JR: That’s a rough deal.

VB: As far as other kinds of tips go, have you been telling people about any particular ways to play the game?

JR: One thing that we encourage people to do is that there is a huge amount of content — if you don’t want to play competitive multiplayer — we also have this cooperative content which is basically five or six short stories in sort of alternate reality version of Uncharted which people can play. We try to encourage people to go and play that stuff in the club section. It is really fun and it has all the favorite characters in there. It has these stories and little moments and sort of the extracts from the single-player campaign, in a light narrative version of that. We are encouraging people to go and play that co-op version because it is fun and we don’t want people to miss out on that just because it is online. It shouldn’t scare people off.

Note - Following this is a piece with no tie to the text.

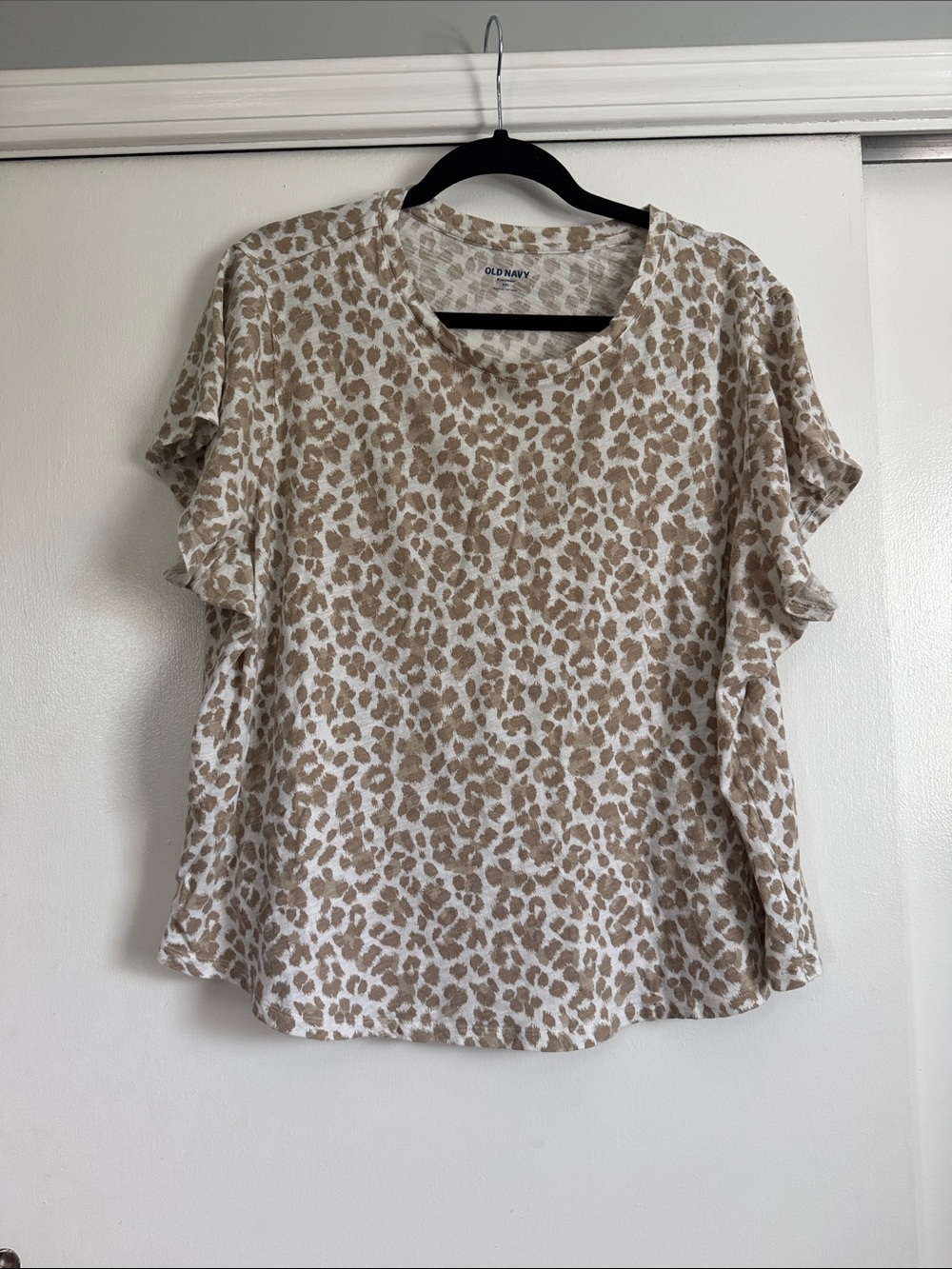 Old Navy Cream and Beige Leopard Ruffle-Sleeve Tee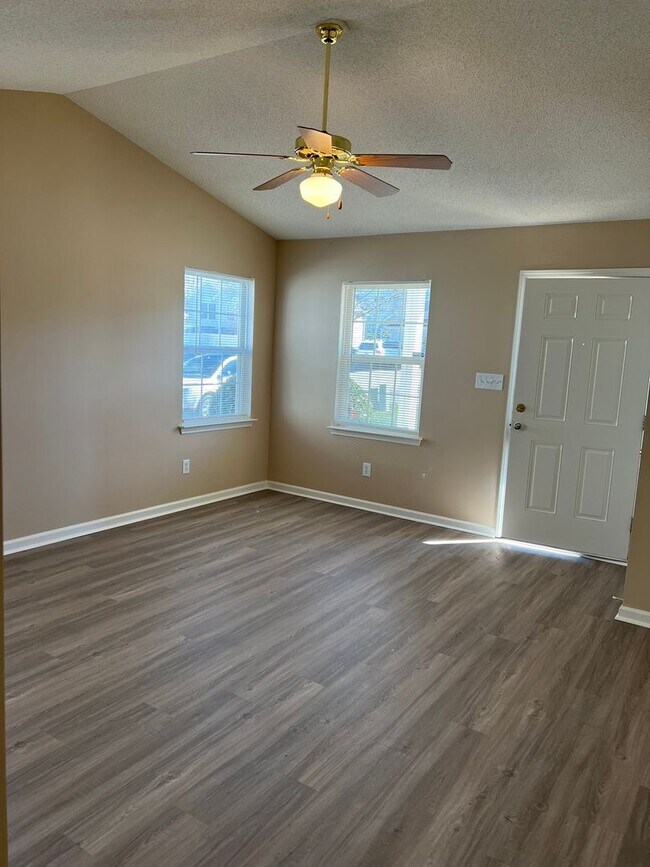 Building Photo - 162 Springwood Ln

I think you can even actually want to play it on offline mode where you can sit down on the couch and play it split-screen play with a friend sitting right there without him having to log in. But as far as the single-player campaign, I think ideally people find their own way. We try not to be very heavy-handed with tips and so we don’t want to give them up. We want them to experience the play.

VB: How is multiplayer turning out from your perspective?

JR: I think we have got better numbers as last time. I think we got a huge amount of content there. I think it is a lot of fun to play and we offer some things that’s really different from the Battlefield or the Call of Duty games out there. It is a very dynamic battlefield that has a ton of verticality. It has tons of different types of roles you can do. There is a lot of customizability for the look of your character and the types of weapons and game play style that you can use. We had a lot of fun in the office playing.  The fans are having fun. From our view, it has gone well.

VB: How do you guys do the rendering of the sand? Did that take some really special expertise to have a firefight in the sand storm?

JR: Actually we sent a bunch of our particle and background artists out to the desert and had them roll around in the sand for a couple of days. We did that because we wanted that to be so realistic. We spent a lot of time making that it felt real and looks real. We wanted you to feel like you are actually inside of that sand cloud and that it is not just something painted on the horizon. It actually affected the game play.

VB: And how did you guys think about adding the new characters and designing for Charlie Cutter and Katherine Marlowe?

JR: Basically, we knew we wanted to have this anti-group character, the guy on the inside of the organization. When we got Graham McTavish on the set — he actually played Zoran Lazarevic in Uncharted 2 — and we saw him work with the other characters, we decided we had to blow him out even more and make him an even bigger character. So we did and we ended up actually expanding his part because of the way they interacted with each other on stage. It is always interesting to see. Amy will write something and then do a table read and sit down and we see how the actors play with it. Then we take it from there and sometimes we will get results that we didn’t expect. It’s sort of like seeing the filming of a TV show with the actors performing week after week. It is not like they are recorded and then they leave. They are really living with the project. The actors bring something to it, like Graham did with Charlie and Rosalind Ayres did with Katherine Marlowe.

VB: It’s interesting that the actors have a role in defining these characters that you create for the game.

JR: Yeah. I don’t know how the serials work but I think it is different. We have somebody come in and read for a part. We often have no one there for them to interact with. We think about how this person with interact with Drake’s character. We take it very seriously and often times the actors have great ideas and we listen to them. And often the best comes from the actors just reacting in the moment. That is how collaborative the environment is.